Suite à la disparition de l’ancien secrétaire général de l’ONU, Kofi Annan, le Liban officiel a rendu hommage à sa mémoire, revenant sur les multiples étapes de son parcours, notamment celles qui ont marqué l’histoire contemporaine du Liban. Le président de la République Michel Aoun a adressé un message au secrétaire général de l’ONU Antonio Guterres, lui présentant ses condoléances. « C’est avec une profonde tristesse que j’ai appris la mort de l’ancien secrétaire général de l’ONU, Kofi Annan, après des années de contribution à la paix et à la sécurité dans le monde », peut-on lire dans le message. « Tout au long de ces années difficiles dans l’histoire du Liban moderne, il a soutenu l’unité de notre nation et la sécurité de son territoire et a activement contribué à l’instauration de la paix, notamment par le biais des forces de maintien de la paix (Finul) opérant au Liban-Sud », a-t-il ajouté.
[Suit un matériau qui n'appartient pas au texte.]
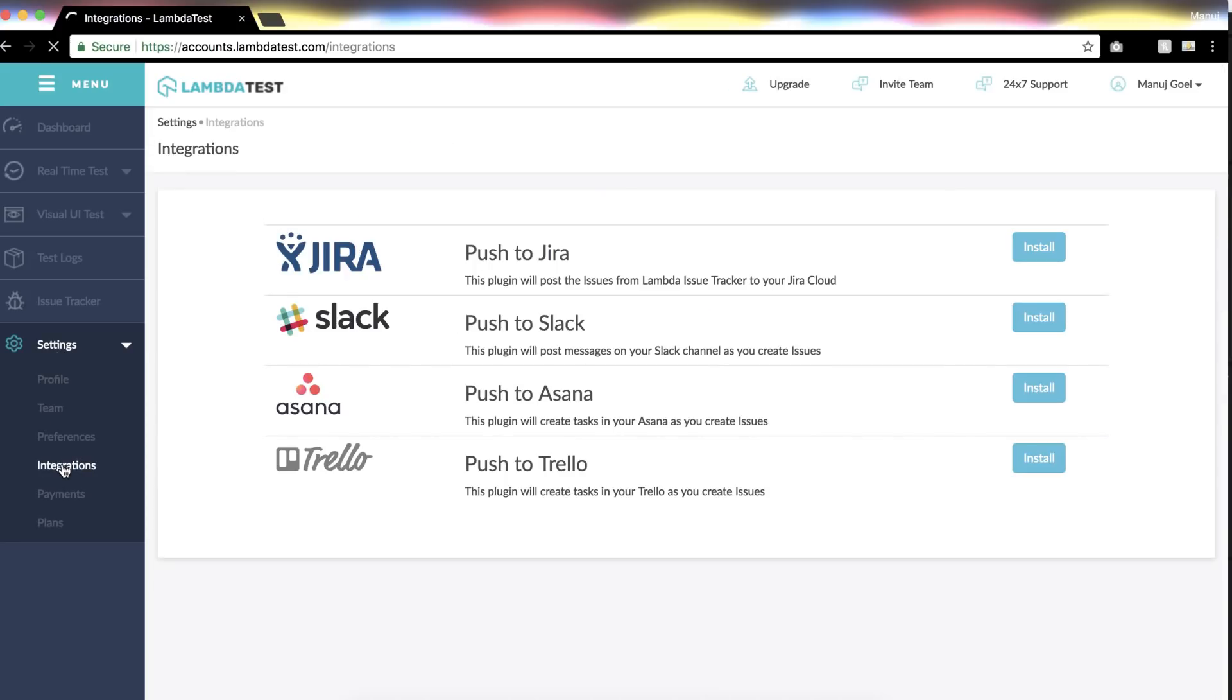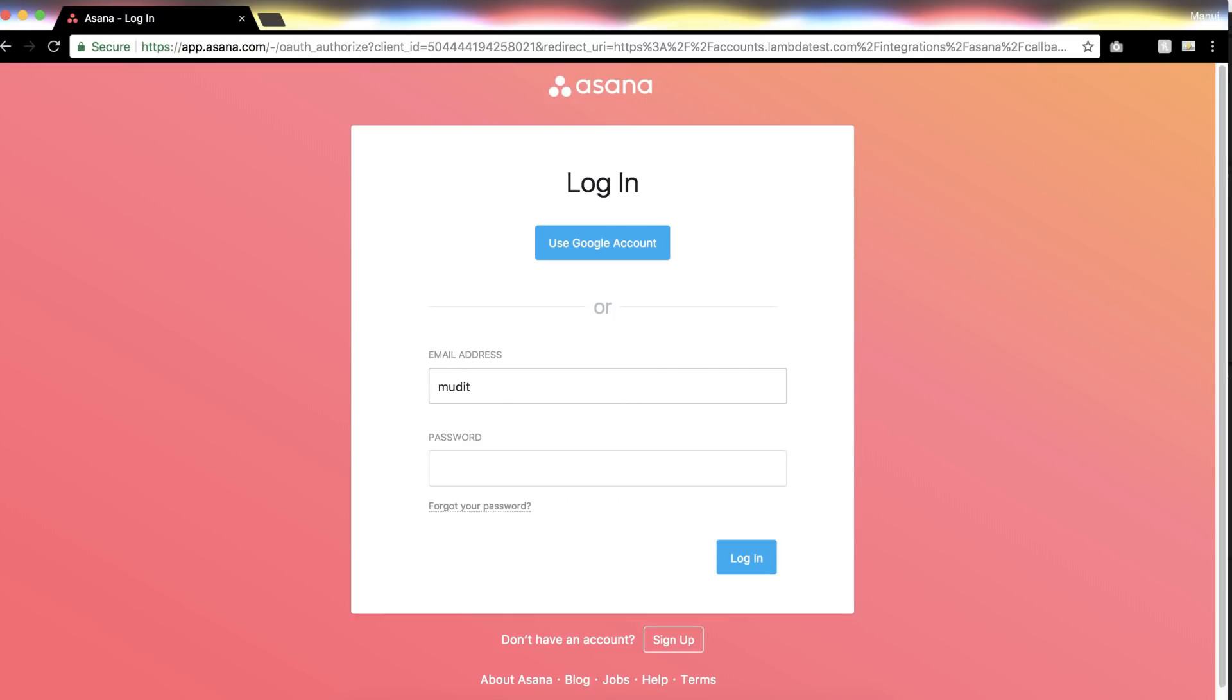Now click on the Install button next to the Asana logo, which will prompt you to log into your Asana account. Enter your credentials, after which Asana will ask your consent to connect with the LambdaTest platform.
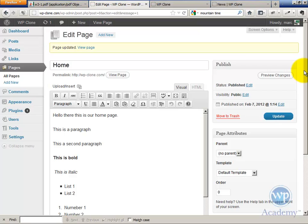See, normally posts allow comments and pages don't. However, by default, until you change it in WordPress, WordPress is going to allow you to comment on both posts and pages.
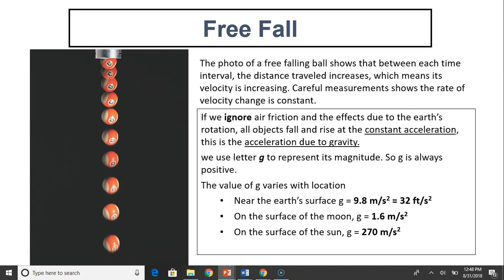Since G is magnitude, the value of G can never be negative. The value of G depends on location. Near Earth's surface, G is 9.8 meters per second squared. On the surface of the moon, G is much smaller — G equals 1.6 meters per second squared. On the surface of the sun, G is much, much bigger — G equals 270 meters per second squared.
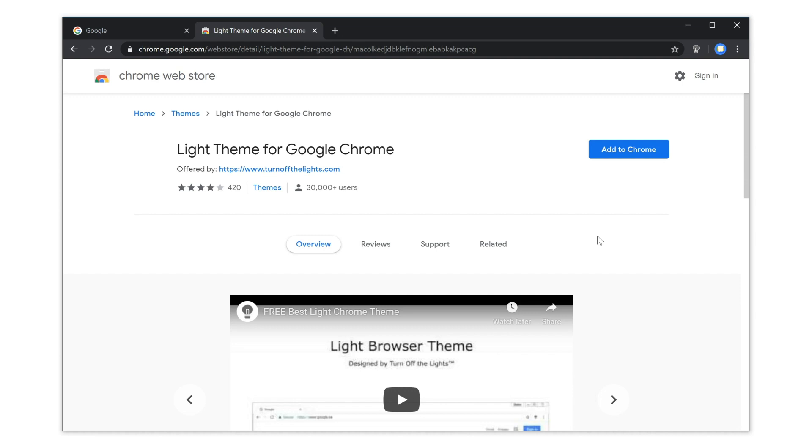Here is the solution on how to get the light Chrome theme while your dark mode is enabled in your operating system. Go to the Chrome Web Store and search for the theme name, Light Theme for Google Chrome, or click on the hyperlink here below in the YouTube description box.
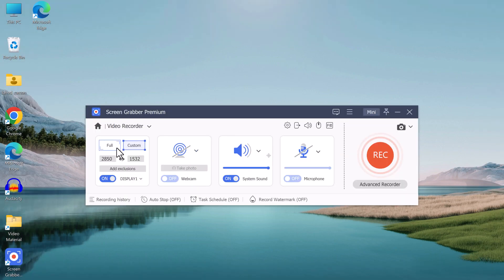Once you've selected your recording mode, you can click on the start recording button to begin recording.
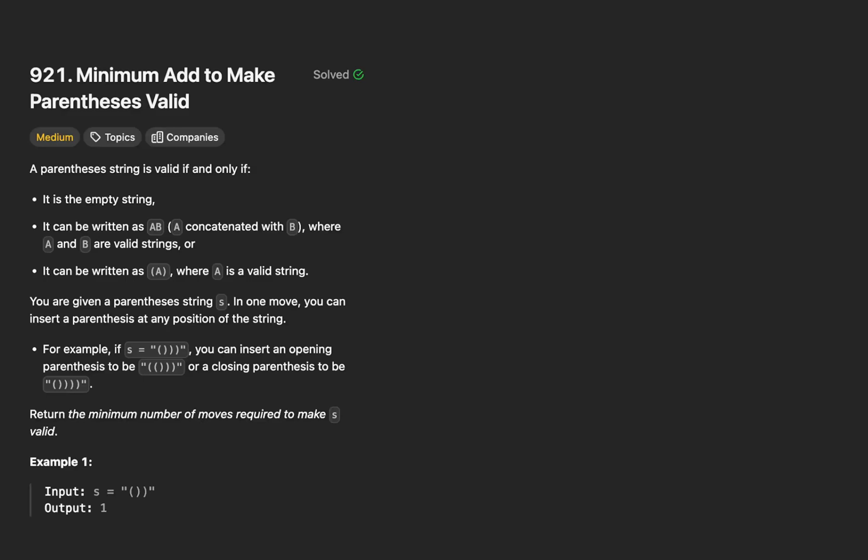Hey y'all, and welcome back to Coding with Minmer. On today's agenda, we're going to tackle LeetCode problem 921, Minimum Add to Make Parentheses Valid. After that, we'll go over an actual variant of the original question that Meta asks.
De son côté, le président de la Chambre, Nabih Berry, a lui aussi adressé un message à Guterres dans lequel il évoque la mémoire de Kofi Annan qui « a déployé de grands efforts pour l’instauration de la paix et de la sécurité au niveau international ». Dans un tweet publié sur son compte officiel, Saad Hariri a écrit : « Que l’âme de Kofi Annan repose en paix. Il a soutenu le Liban à l’époque de la création du Tribunal spécial pour le Liban, il a contribué à mettre un terme à la guerre israélienne de 2006 et a joué un rôle principal dans l’adoption de la résolution 1701. Kofi Annan est un homme qui a marqué l’histoire. »Par ailleurs, Amine Gemayel, ancien président de la République, a estimé, dans un message adressé à Guterres, que « la disparition de Kofi Annan est l’occasion de revenir sur plusieurs étapes qui ont marqué son parcours, au cours duquel il a soutenu le Liban et a œuvré pour la sécurité dans le monde ». Le leader druze Walid Joumblatt a lui aussi adressé une lettre au chef de l’ONU. « Kofi Annan était connu pour sa défense des droits de l’homme, de la primauté du droit et des tentatives de renforcer les liens entre la société civile, le secteur privé et les autres partenaires. Il a été un fervent croyant en la paix et a œuvré pour la résolution des conflits dans un nombre de pays de par le monde », peut-on lire dans le message de M. Joumblatt.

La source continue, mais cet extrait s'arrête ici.